■ **STUDY MATERIAL**:
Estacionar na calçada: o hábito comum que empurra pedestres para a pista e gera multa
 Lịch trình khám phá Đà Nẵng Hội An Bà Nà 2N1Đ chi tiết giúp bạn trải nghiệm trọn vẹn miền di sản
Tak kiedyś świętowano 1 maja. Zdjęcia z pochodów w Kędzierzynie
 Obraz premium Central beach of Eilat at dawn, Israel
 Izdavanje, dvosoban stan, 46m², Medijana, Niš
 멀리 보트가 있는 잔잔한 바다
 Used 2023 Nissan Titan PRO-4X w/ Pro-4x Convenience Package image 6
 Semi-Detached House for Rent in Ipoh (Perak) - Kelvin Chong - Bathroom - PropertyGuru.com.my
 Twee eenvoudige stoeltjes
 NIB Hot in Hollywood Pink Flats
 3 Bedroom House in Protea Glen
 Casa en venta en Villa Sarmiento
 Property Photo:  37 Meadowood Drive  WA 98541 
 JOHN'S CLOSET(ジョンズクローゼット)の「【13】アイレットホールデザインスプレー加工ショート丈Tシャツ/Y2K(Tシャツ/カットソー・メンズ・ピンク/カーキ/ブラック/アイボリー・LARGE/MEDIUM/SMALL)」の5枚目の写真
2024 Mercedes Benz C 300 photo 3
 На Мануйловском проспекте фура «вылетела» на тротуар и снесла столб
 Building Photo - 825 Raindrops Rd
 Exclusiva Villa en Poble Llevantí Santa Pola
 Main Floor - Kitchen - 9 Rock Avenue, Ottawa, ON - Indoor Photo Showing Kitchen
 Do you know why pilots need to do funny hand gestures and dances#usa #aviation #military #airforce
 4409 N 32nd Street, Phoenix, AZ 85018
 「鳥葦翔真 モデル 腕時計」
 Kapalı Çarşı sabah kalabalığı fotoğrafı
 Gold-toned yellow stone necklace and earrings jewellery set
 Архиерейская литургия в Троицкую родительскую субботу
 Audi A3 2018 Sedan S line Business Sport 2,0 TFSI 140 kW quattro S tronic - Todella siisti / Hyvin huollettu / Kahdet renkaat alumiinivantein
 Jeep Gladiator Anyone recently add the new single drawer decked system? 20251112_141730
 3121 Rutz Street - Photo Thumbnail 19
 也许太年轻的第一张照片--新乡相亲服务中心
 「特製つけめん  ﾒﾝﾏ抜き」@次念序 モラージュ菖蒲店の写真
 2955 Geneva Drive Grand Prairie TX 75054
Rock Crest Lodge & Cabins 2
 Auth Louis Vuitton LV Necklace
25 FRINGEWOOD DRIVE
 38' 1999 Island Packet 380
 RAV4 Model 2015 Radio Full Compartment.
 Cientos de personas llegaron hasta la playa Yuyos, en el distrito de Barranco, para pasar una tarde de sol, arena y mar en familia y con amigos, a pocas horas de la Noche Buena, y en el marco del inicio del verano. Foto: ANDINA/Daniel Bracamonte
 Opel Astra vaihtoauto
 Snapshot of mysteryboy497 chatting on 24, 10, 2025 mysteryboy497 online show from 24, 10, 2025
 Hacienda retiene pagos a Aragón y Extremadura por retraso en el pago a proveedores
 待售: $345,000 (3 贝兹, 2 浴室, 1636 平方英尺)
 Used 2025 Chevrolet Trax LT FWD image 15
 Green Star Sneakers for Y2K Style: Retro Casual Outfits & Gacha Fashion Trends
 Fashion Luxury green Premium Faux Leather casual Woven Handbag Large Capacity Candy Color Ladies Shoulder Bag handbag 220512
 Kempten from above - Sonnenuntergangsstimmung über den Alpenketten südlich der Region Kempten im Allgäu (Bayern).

■ **DIRECTIONS FOR THIS TASK**:
From the listing above, the lines starting with the one that has "4409 N 32nd Street, Phoenix, AZ 85018" and running through the one that has "RAV4 Model 2015 Radio Full Compartment." should be copied exactly, ends included.

■ **TASK SOLUTION**:
 4409 N 32nd Street, Phoenix, AZ 85018
 「鳥葦翔真 モデル 腕時計」
 Kapalı Çarşı sabah kalabalığı fotoğrafı
 Gold-toned yellow stone necklace and earrings jewellery set
 Архиерейская литургия в Троицкую родительскую субботу
 Audi A3 2018 Sedan S line Business Sport 2,0 TFSI 140 kW quattro S tronic - Todella siisti / Hyvin huollettu / Kahdet renkaat alumiinivantein
 Jeep Gladiator Anyone recently add the new single drawer decked system? 20251112_141730
 3121 Rutz Street - Photo Thumbnail 19
 也许太年轻的第一张照片--新乡相亲服务中心
 「特製つけめん  ﾒﾝﾏ抜き」@次念序 モラージュ菖蒲店の写真
 2955 Geneva Drive Grand Prairie TX 75054
Rock Crest Lodge & Cabins 2
 Auth Louis Vuitton LV Necklace
25 FRINGEWOOD DRIVE
 38' 1999 Island Packet 380
 RAV4 Model 2015 Radio Full Compartment.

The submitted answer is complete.